Restate word for word the opening line of the data below and every line after it until the line with "photos 4 BB-Umwelttechnik", that line too, but not the pictures.

▶ _Pictures with short captions_:
"""

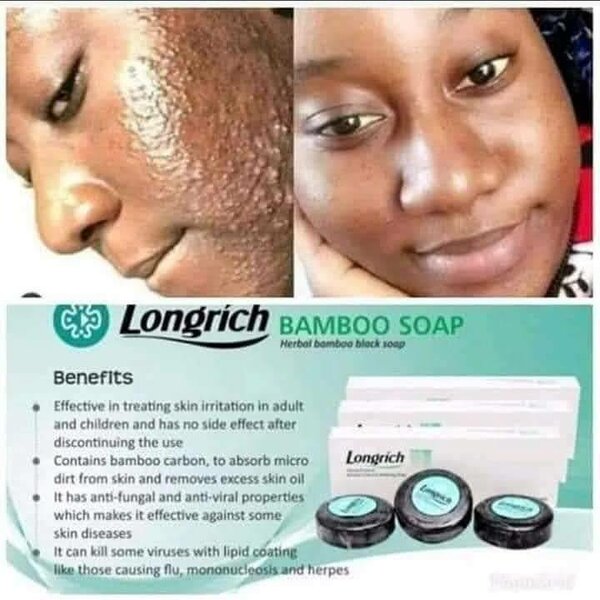 SAVON NOIR DE LONGRICH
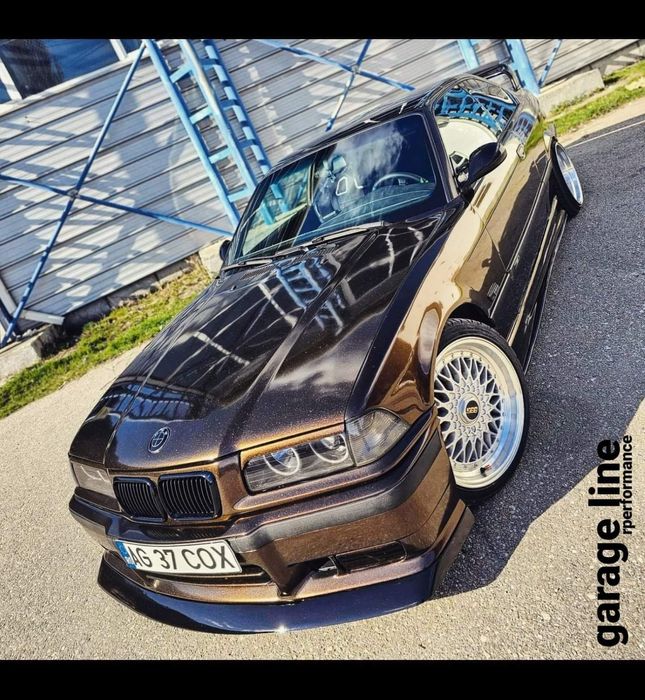 Vand lip xxl bmw e36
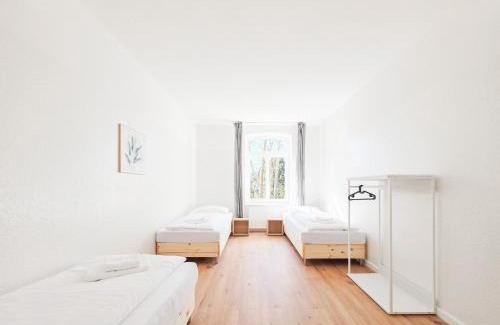 Willich Apartment | Tolstov Apartments - 3 , 4 and 5 Room Apartments - 20 Min zur Messe DUS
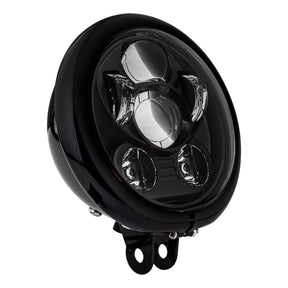 Eagle Lights 5 3/4" LED Headlight Kit for 2018 and Newer Harley Davidson Softail Models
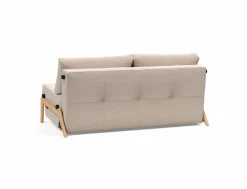 INNOVATION LIVING Schlafsofa Cubed Eiche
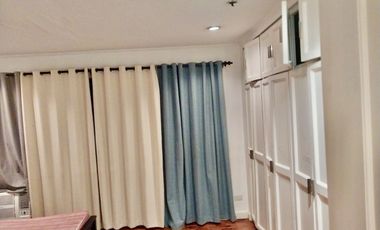 Fully-Furnished Spacious 204 sqm. 3 Bedroom Unit For Sale at Le Triomphe HV dela Costa Salcedo Village Makati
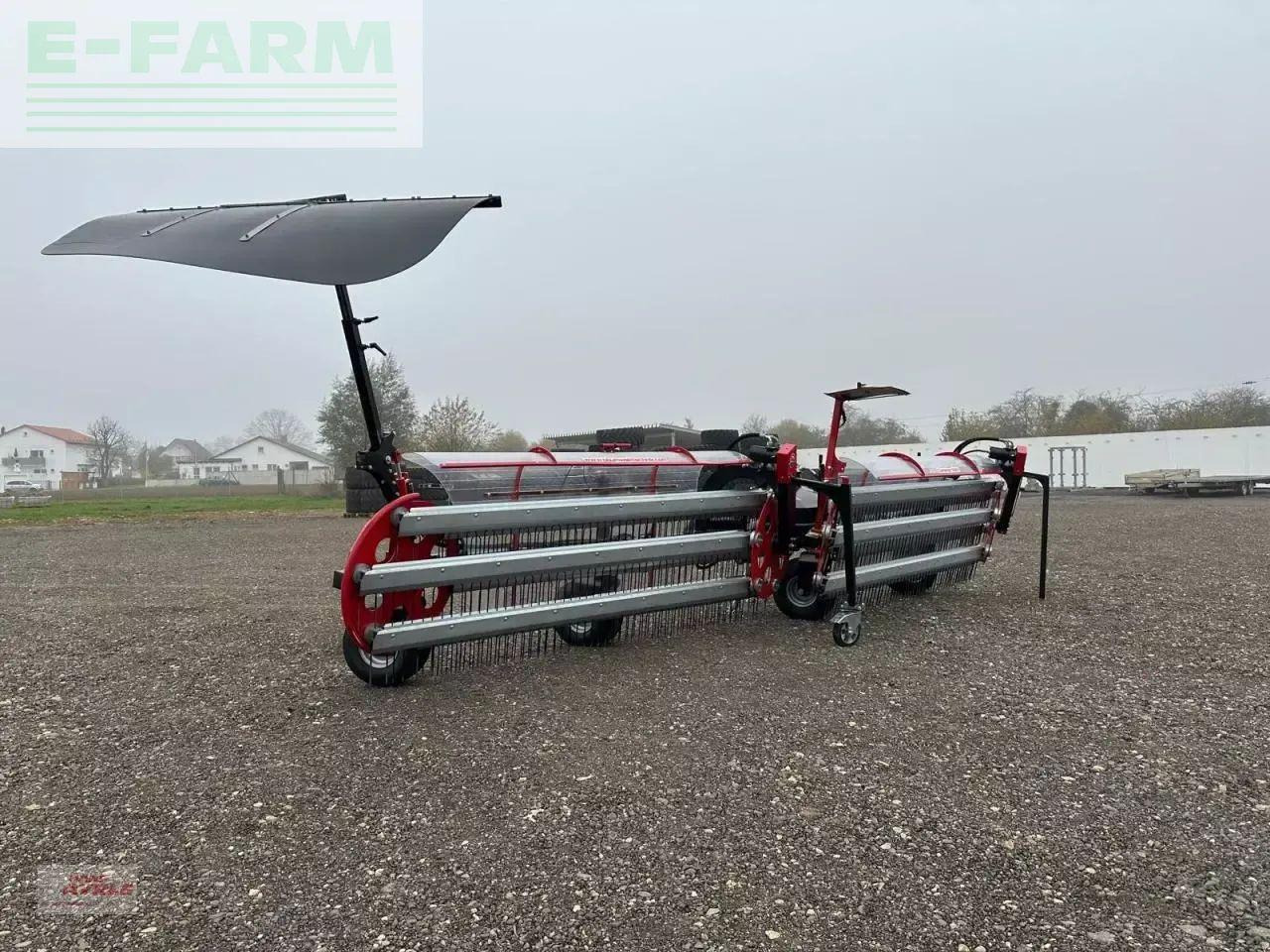 BB-Umwelttechnik clementer 550 f - Faneuse: photos 4 BB-Umwelttechnik clementer 550 f - Faneuse: photos 4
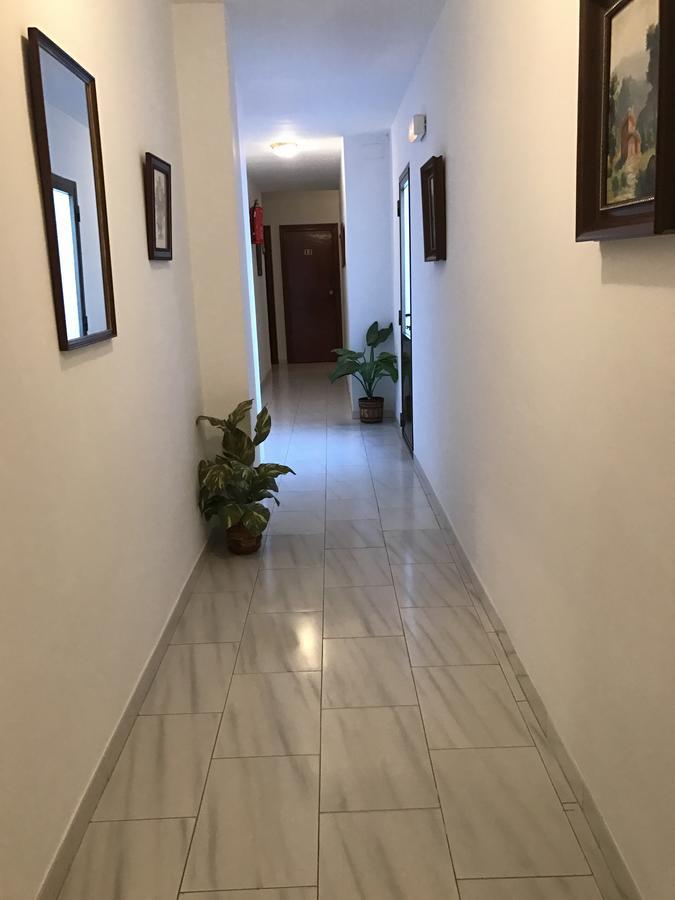 Hostal Restaurante Rufino Berlanga Bagian luar foto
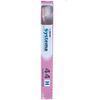 Lion DENT .EX Systema Toothbrush 1 pc 44H (Compact Firm) Pink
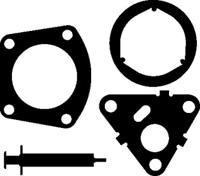 Elring 716.270 Gasket kit-turb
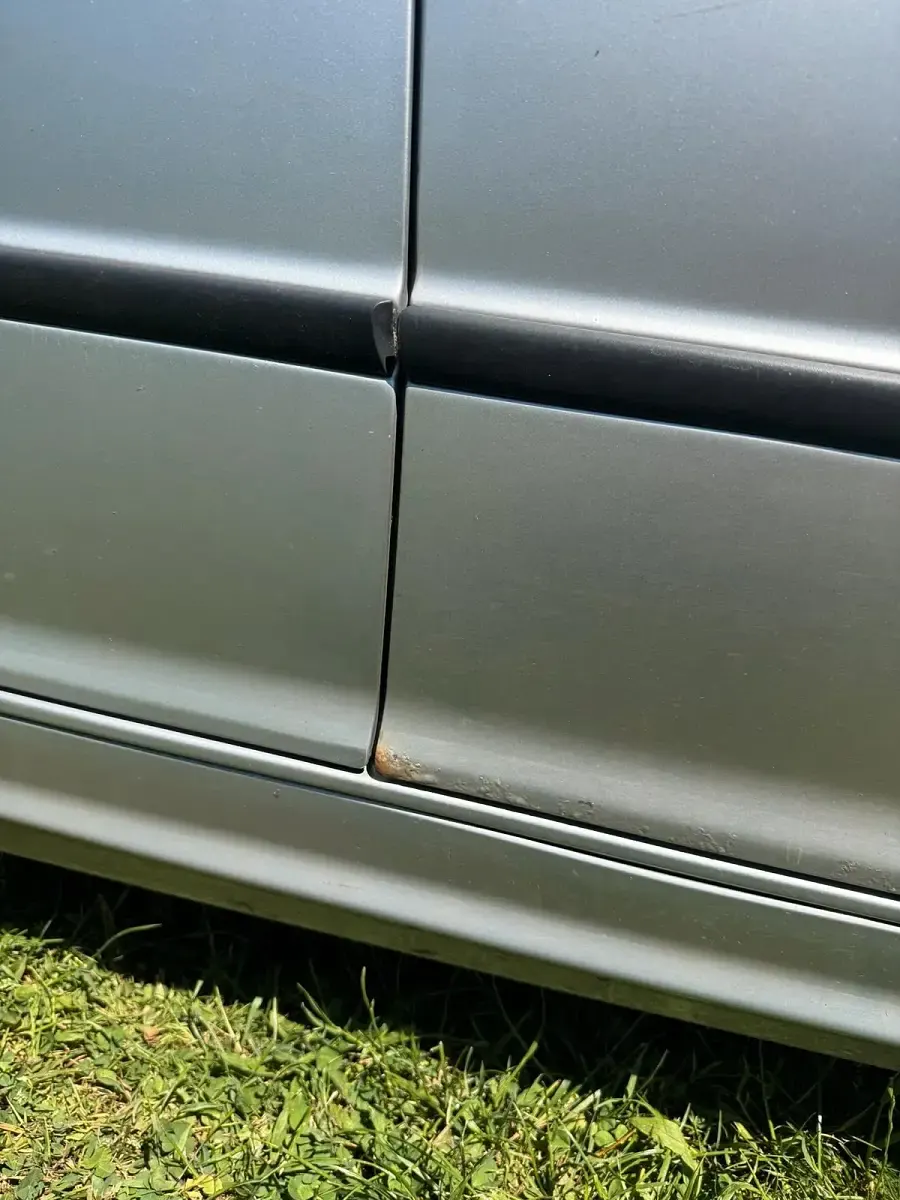 Gebraucht BMW 320 150 PS (110 kW) 2000 Silber Kombi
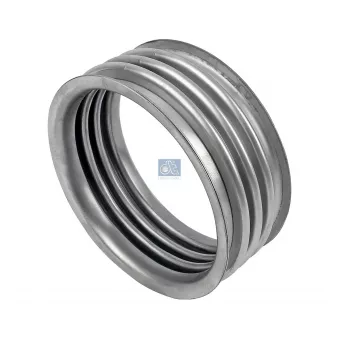 Tuyau flexible, échappement DT 5.11094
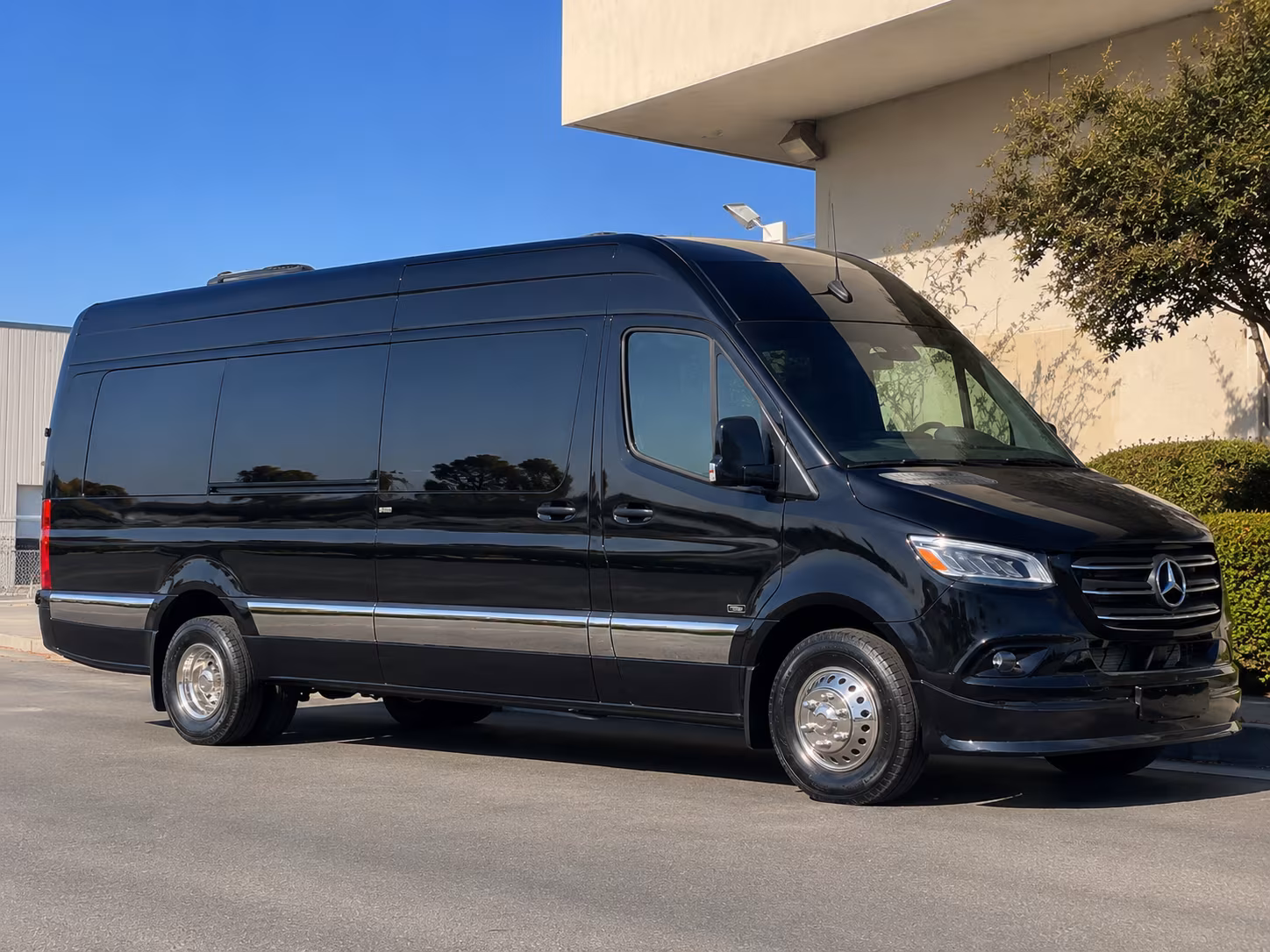 waco government military transportation onboard seating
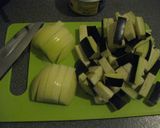手軽に一品! 茄子とツナのチーズ焼き作り方1写真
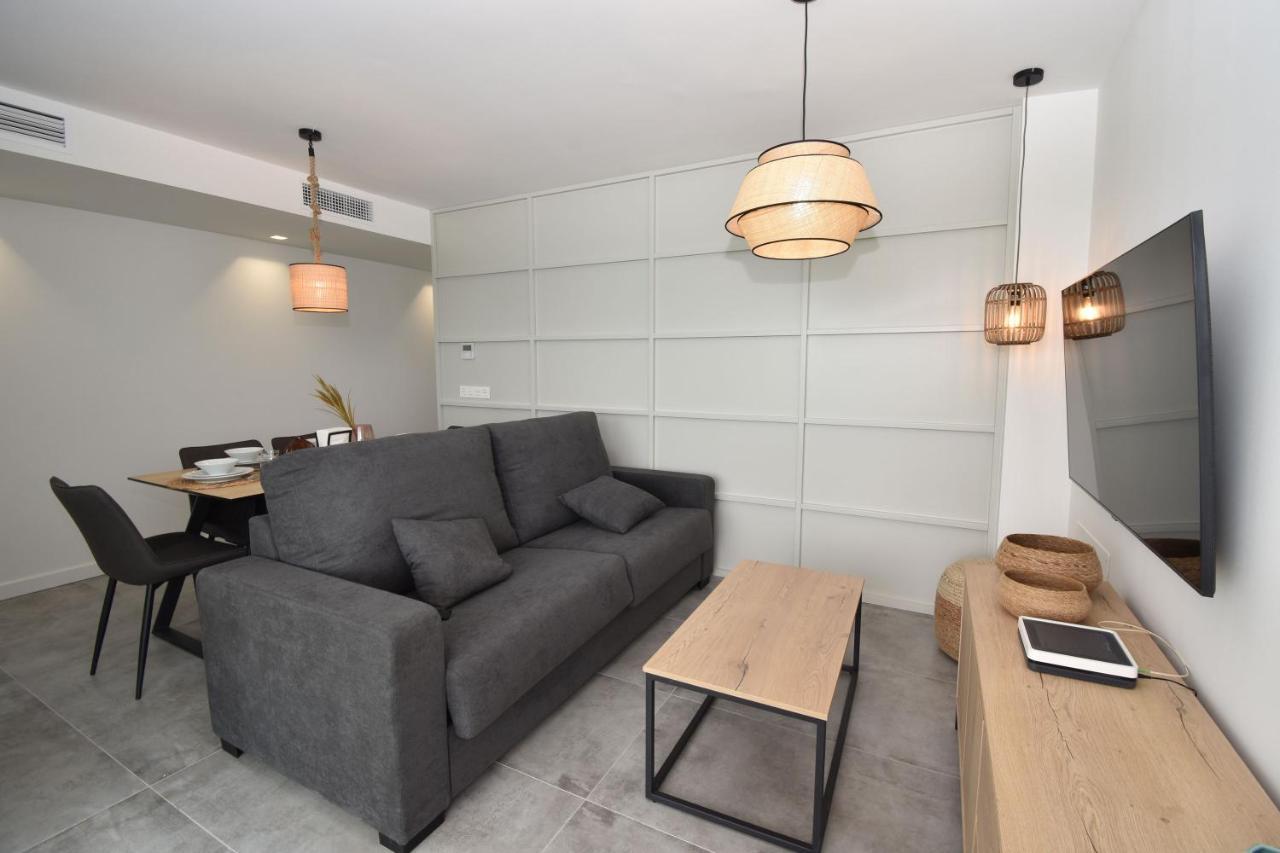Apartamento Emperador Фуенхірола Екстер'єр фото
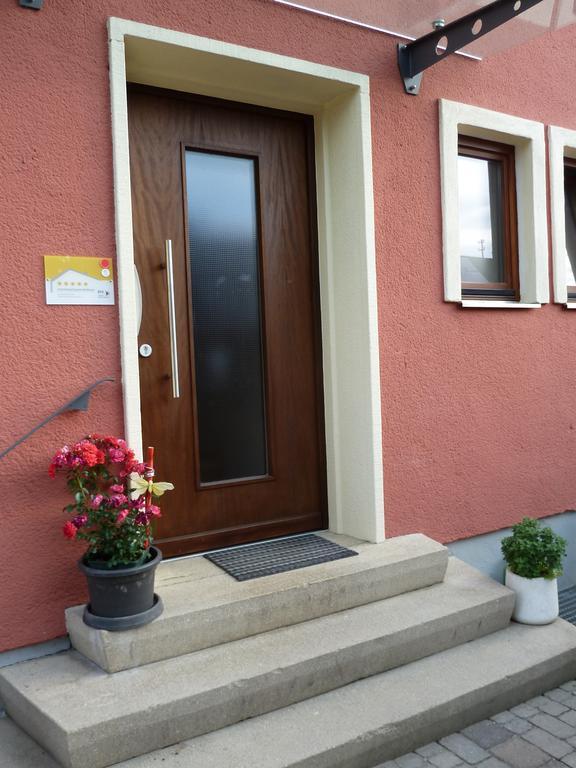 Donautaler Wohlfuehloase Leilighet Gundelfingen an der Donau Eksteriør bilde
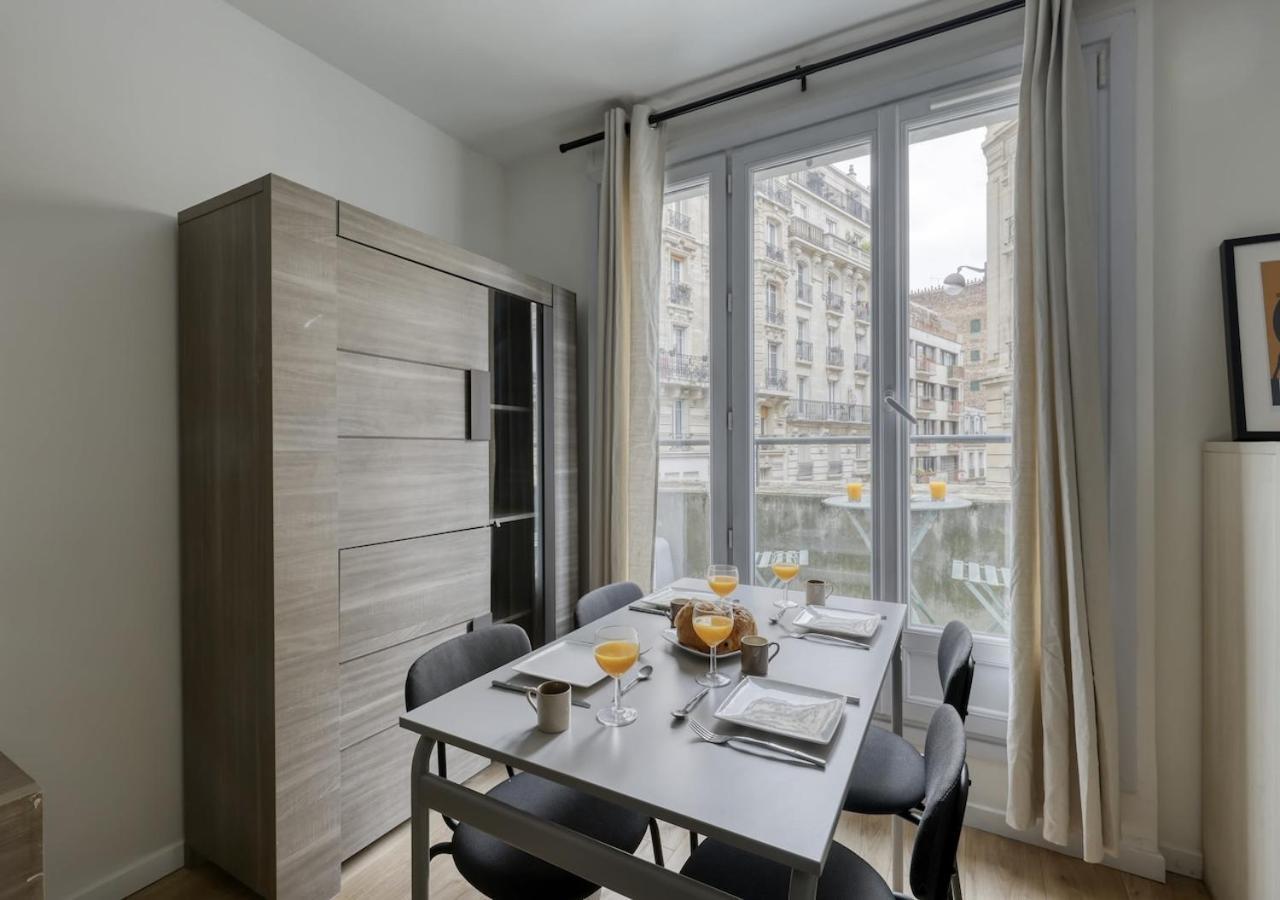 Appartement Splendid 2bdrs Flat With Balcony-paris 15 - Mid T Paris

"""

▶ _Answer to the problem_:
 SAVON NOIR DE LONGRICH
 Vand lip xxl bmw e36
 Willich Apartment | Tolstov Apartments - 3 , 4 and 5 Room Apartments - 20 Min zur Messe DUS
 Eagle Lights 5 3/4" LED Headlight Kit for 2018 and Newer Harley Davidson Softail Models
 INNOVATION LIVING Schlafsofa Cubed Eiche
 Fully-Furnished Spacious 204 sqm. 3 Bedroom Unit For Sale at Le Triomphe HV dela Costa Salcedo Village Makati
 BB-Umwelttechnik clementer 550 f - Faneuse: photos 4 BB-Umwelttechnik clementer 550 f - Faneuse: photos 4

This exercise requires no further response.